Note: The partition ID of -1 is an "internal UA/UnAssigned partition" according to the librdkafka docs on statistics. We should probably be skipping that partition too, and possibly any negative partition ID.

zamazan4ik commented 1 year ago

Does this accurately reflect the conversation so far?

Yep.

Can we filter the lag metrics on only the topics that we are actually reading from?

I think it's possible to do. Didn't check the code but likely it will require passing more information to the statistics subsystem like Vector-related topic and partition ids.

Should we default the lag metrics to "off" to avoid this problem on other larger clusters?

It's already false according to the documentation: https://vector.dev/docs/reference/configuration/sources/kafka/#metrics.topic_lag_metric . Maybe we need to update the documentation with a note about possible performance degradation until we fix the current implementation.

Would it be possible to convert all of these metrics to registered metrics to avoid the re-registration overhead on each emit?

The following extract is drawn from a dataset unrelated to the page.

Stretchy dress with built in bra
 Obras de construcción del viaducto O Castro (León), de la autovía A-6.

I think yes. My only concern here is that my last time working with new metrics was a strange problem when a registered metric didn't have all the required labels (AFAIK, it was AMQP source). But I hope that was just a mistake somewhere with my implementation. Another thing to think about - if we change the amount of Vector-related partitions in runtime, we need to register a new metric. From my experience, such things are not so easy to implement (it always looks like an ugly HashMap with pre-registered metrics. Maybe we could improve the situation somehow in this area.

We should probably be skipping that partition too, and possibly any negative partition ID.

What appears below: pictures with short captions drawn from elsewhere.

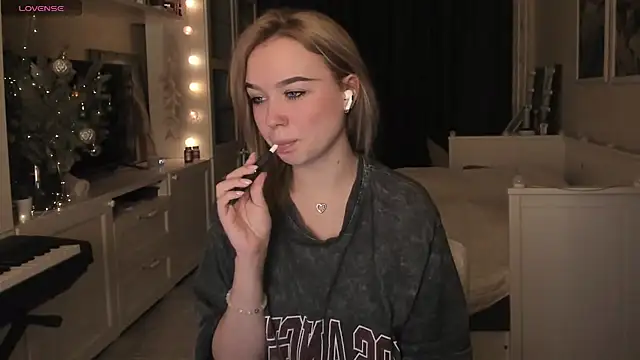 MaryDreaminess online show from January 5, 2025, 5:30 pm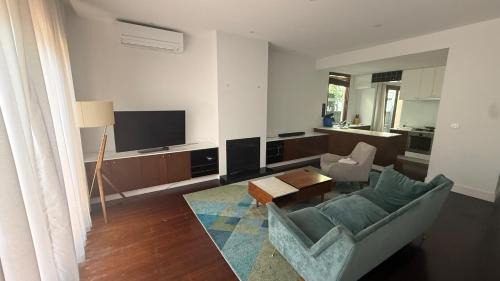 South Yarra House | Private quiet bedroom with ensuite and parking, Chapel St, Sth Yarra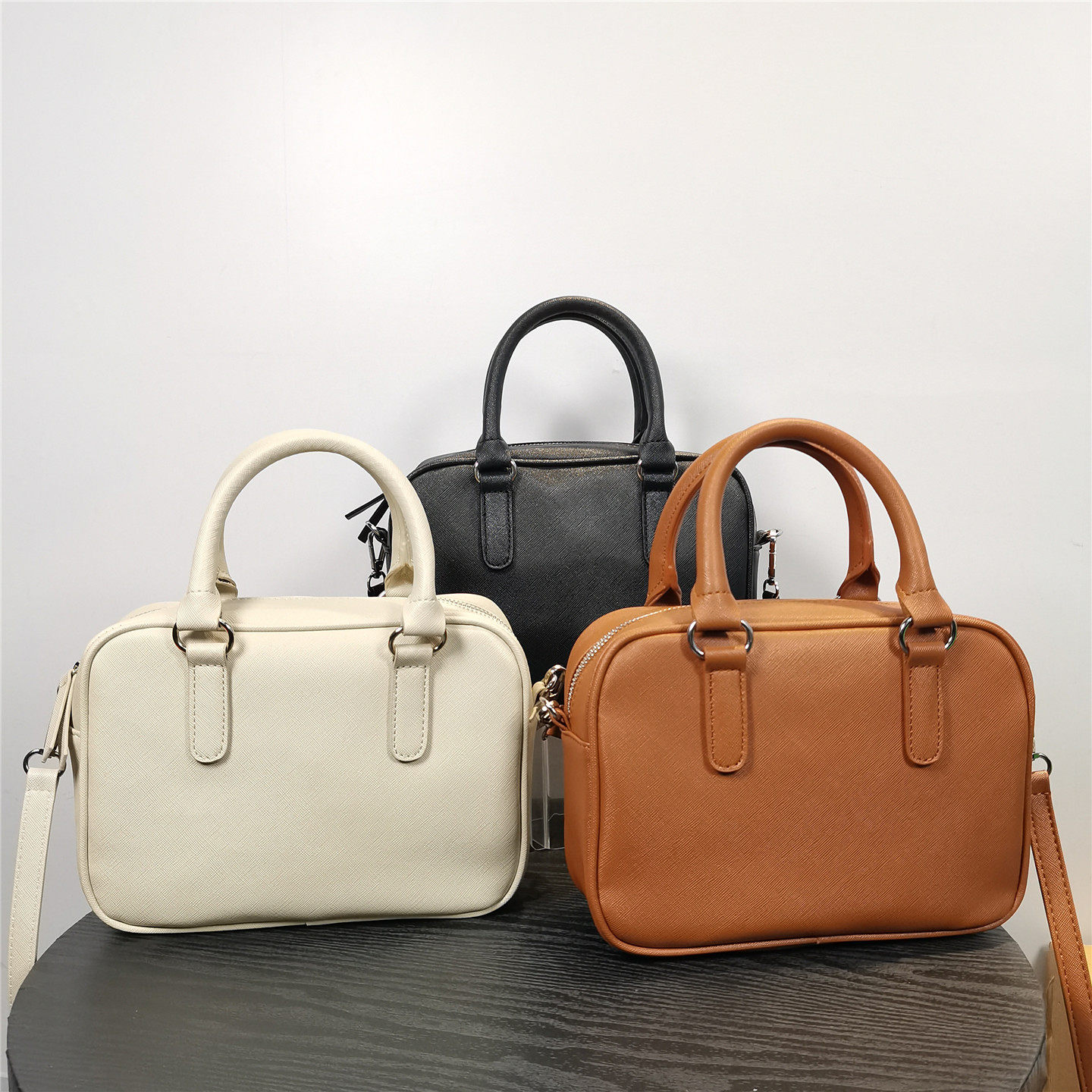 出口西班牙小众设计手提包通勤波士顿包保龄球包单肩斜挎女包简约,箱包皮具/热销女包/男包,波士顿包,淘宝优惠券,粉丝福利购,淘宝优惠卷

Agreed. We definitely need to implement this kind of filtering and it would be easy to implement.

timfehr commented 1 year ago

Does this accurately reflect the conversation so far?

Yes.

Given this, a few questions come to mind:

  1. Can we filter the lag metrics on only the topics that we are actually reading from?

I only see the metric for the configured topic in the kafka source. So I can not comment on this, but I see @zamazan4ik already did.

Note: The partition ID of -1 is an "internal UA/UnAssigned partition" according to the librdkafka docs on statistics. We should probably be skipping that partition too, and possibly any negative partition ID.

Also, sometimes it is possible to have for actual assigned partitions negative values, which is probably caused by timing issues while getting the offsets. The kafka-exporter which was already mentioned here has an open PR which seems the fix the issue. Maybe something like this is also possible here or a simple filter to set these values at lowest to 0. To not confuse people with negativ values.

bruceg commented 1 year ago

Are these enhancements something you would be interested in taking on @zamazan4ik, as you have had a hand in the lag metrics implementation?

zamazan4ik commented 1 year ago

I do not think I have enough time for this right now :(